PROBLEM ▸
The answer must be the full listing, reproduced without any change.

»»

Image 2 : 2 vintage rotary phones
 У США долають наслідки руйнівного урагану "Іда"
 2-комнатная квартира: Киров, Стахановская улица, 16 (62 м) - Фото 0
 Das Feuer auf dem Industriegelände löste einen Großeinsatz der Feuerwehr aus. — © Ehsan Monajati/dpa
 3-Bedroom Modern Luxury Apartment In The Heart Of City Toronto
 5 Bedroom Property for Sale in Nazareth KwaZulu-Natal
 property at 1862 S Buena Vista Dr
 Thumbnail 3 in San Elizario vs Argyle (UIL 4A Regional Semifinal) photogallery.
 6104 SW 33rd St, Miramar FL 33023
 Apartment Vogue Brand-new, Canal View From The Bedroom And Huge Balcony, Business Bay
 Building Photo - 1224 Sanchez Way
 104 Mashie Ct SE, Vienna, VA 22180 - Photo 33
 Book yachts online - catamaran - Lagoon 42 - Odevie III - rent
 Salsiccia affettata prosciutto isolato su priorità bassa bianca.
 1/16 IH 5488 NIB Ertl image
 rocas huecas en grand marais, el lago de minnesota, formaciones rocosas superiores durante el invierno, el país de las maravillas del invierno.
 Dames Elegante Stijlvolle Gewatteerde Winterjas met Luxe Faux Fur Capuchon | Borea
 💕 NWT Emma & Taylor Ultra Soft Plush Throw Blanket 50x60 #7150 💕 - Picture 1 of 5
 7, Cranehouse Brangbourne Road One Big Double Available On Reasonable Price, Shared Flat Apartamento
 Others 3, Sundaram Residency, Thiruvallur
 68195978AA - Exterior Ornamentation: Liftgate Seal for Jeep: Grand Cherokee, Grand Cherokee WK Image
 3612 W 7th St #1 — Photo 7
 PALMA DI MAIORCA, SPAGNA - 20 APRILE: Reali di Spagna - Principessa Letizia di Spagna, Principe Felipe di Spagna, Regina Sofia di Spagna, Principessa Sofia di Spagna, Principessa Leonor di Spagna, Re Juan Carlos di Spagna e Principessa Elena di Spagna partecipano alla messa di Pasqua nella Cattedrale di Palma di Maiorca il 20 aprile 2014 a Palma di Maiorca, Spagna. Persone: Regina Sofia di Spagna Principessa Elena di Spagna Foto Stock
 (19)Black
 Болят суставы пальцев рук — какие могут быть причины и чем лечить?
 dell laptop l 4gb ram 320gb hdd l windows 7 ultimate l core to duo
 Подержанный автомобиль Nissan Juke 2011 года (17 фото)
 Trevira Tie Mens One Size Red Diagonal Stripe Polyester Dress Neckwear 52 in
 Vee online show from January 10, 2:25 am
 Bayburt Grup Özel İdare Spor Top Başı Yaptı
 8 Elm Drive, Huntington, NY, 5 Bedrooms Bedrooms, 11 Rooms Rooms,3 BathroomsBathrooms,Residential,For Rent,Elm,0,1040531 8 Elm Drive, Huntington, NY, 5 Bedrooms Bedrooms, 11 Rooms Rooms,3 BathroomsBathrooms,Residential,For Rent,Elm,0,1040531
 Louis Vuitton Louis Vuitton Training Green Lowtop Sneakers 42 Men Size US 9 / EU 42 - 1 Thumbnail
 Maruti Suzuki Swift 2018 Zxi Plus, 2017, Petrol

««

RESPONSE TO THE EXERCISE ▸
Image 2 : 2 vintage rotary phones
 У США долають наслідки руйнівного урагану "Іда"
 2-комнатная квартира: Киров, Стахановская улица, 16 (62 м) - Фото 0
 Das Feuer auf dem Industriegelände löste einen Großeinsatz der Feuerwehr aus. — © Ehsan Monajati/dpa
 3-Bedroom Modern Luxury Apartment In The Heart Of City Toronto
 5 Bedroom Property for Sale in Nazareth KwaZulu-Natal
 property at 1862 S Buena Vista Dr
 Thumbnail 3 in San Elizario vs Argyle (UIL 4A Regional Semifinal) photogallery.
 6104 SW 33rd St, Miramar FL 33023
 Apartment Vogue Brand-new, Canal View From The Bedroom And Huge Balcony, Business Bay
 Building Photo - 1224 Sanchez Way
 104 Mashie Ct SE, Vienna, VA 22180 - Photo 33
 Book yachts online - catamaran - Lagoon 42 - Odevie III - rent
 Salsiccia affettata prosciutto isolato su priorità bassa bianca.
 1/16 IH 5488 NIB Ertl image
 rocas huecas en grand marais, el lago de minnesota, formaciones rocosas superiores durante el invierno, el país de las maravillas del invierno.
 Dames Elegante Stijlvolle Gewatteerde Winterjas met Luxe Faux Fur Capuchon | Borea
 💕 NWT Emma & Taylor Ultra Soft Plush Throw Blanket 50x60 #7150 💕 - Picture 1 of 5
 7, Cranehouse Brangbourne Road One Big Double Available On Reasonable Price, Shared Flat Apartamento
 Others 3, Sundaram Residency, Thiruvallur
 68195978AA - Exterior Ornamentation: Liftgate Seal for Jeep: Grand Cherokee, Grand Cherokee WK Image
 3612 W 7th St #1 — Photo 7
 PALMA DI MAIORCA, SPAGNA - 20 APRILE: Reali di Spagna - Principessa Letizia di Spagna, Principe Felipe di Spagna, Regina Sofia di Spagna, Principessa Sofia di Spagna, Principessa Leonor di Spagna, Re Juan Carlos di Spagna e Principessa Elena di Spagna partecipano alla messa di Pasqua nella Cattedrale di Palma di Maiorca il 20 aprile 2014 a Palma di Maiorca, Spagna. Persone: Regina Sofia di Spagna Principessa Elena di Spagna Foto Stock
 (19)Black
 Болят суставы пальцев рук — какие могут быть причины и чем лечить?
 dell laptop l 4gb ram 320gb hdd l windows 7 ultimate l core to duo
 Подержанный автомобиль Nissan Juke 2011 года (17 фото)
 Trevira Tie Mens One Size Red Diagonal Stripe Polyester Dress Neckwear 52 in
 Vee online show from January 10, 2:25 am
 Bayburt Grup Özel İdare Spor Top Başı Yaptı
 8 Elm Drive, Huntington, NY, 5 Bedrooms Bedrooms, 11 Rooms Rooms,3 BathroomsBathrooms,Residential,For Rent,Elm,0,1040531 8 Elm Drive, Huntington, NY, 5 Bedrooms Bedrooms, 11 Rooms Rooms,3 BathroomsBathrooms,Residential,For Rent,Elm,0,1040531
 Louis Vuitton Louis Vuitton Training Green Lowtop Sneakers 42 Men Size US 9 / EU 42 - 1 Thumbnail
 Maruti Suzuki Swift 2018 Zxi Plus, 2017, Petrol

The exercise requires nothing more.